**WHAT YOU NEED TO DO**
Starting with the line below that holds "Hartline 275X Arrival" and stopping after the line that holds "Belgian Malinois dogs", transcribe the lines exactly, leaving out all pictures.

**RECORDS TO USE**
======

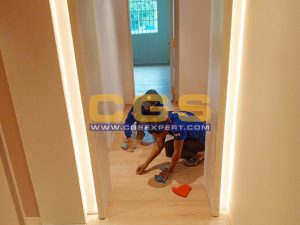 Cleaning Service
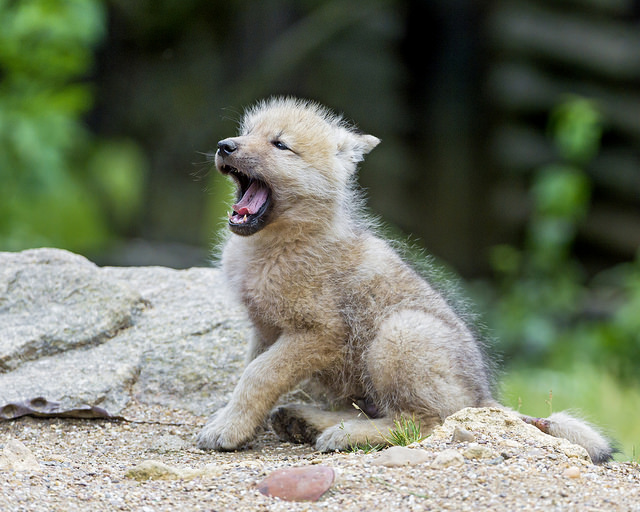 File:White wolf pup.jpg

======

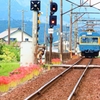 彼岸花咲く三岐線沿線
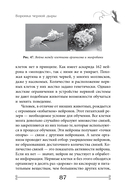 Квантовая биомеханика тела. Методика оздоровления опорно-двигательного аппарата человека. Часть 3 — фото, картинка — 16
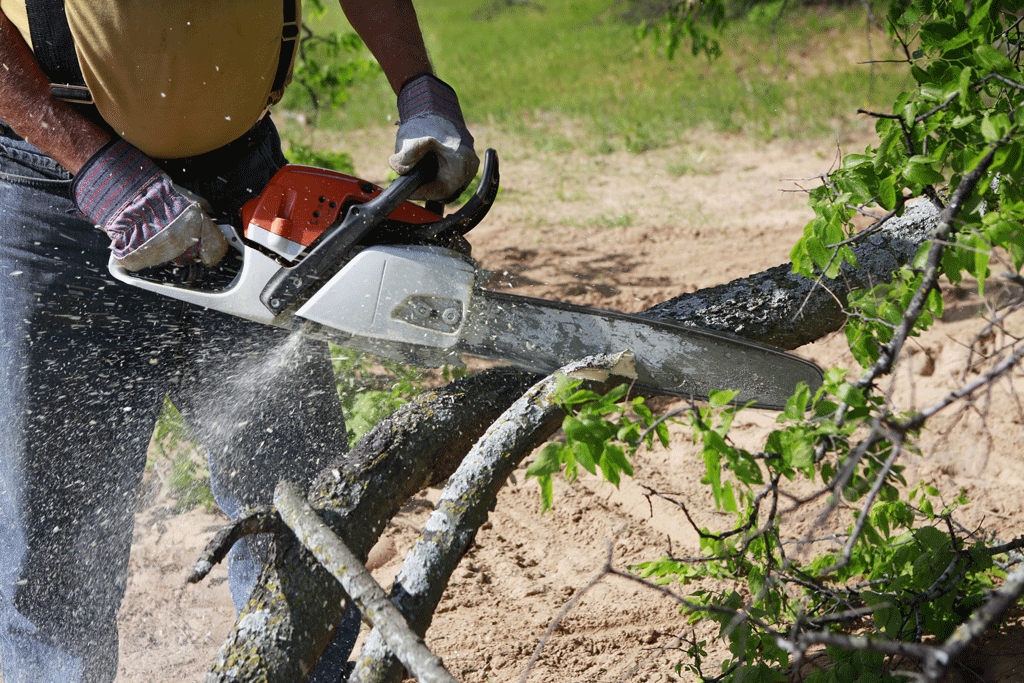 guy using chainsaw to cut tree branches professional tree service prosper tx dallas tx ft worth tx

======

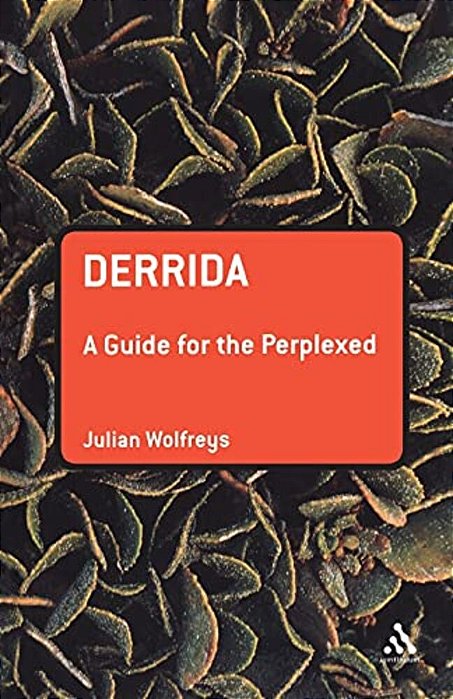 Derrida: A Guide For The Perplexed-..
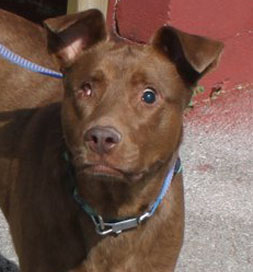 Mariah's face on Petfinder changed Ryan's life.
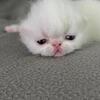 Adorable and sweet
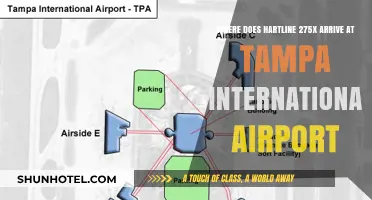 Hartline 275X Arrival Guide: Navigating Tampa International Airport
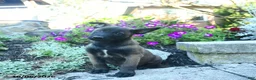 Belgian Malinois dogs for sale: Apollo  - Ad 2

======

**COMPLETED EXERCISE**
 Hartline 275X Arrival Guide: Navigating Tampa International Airport
 Belgian Malinois dogs for sale: Apollo  - Ad 2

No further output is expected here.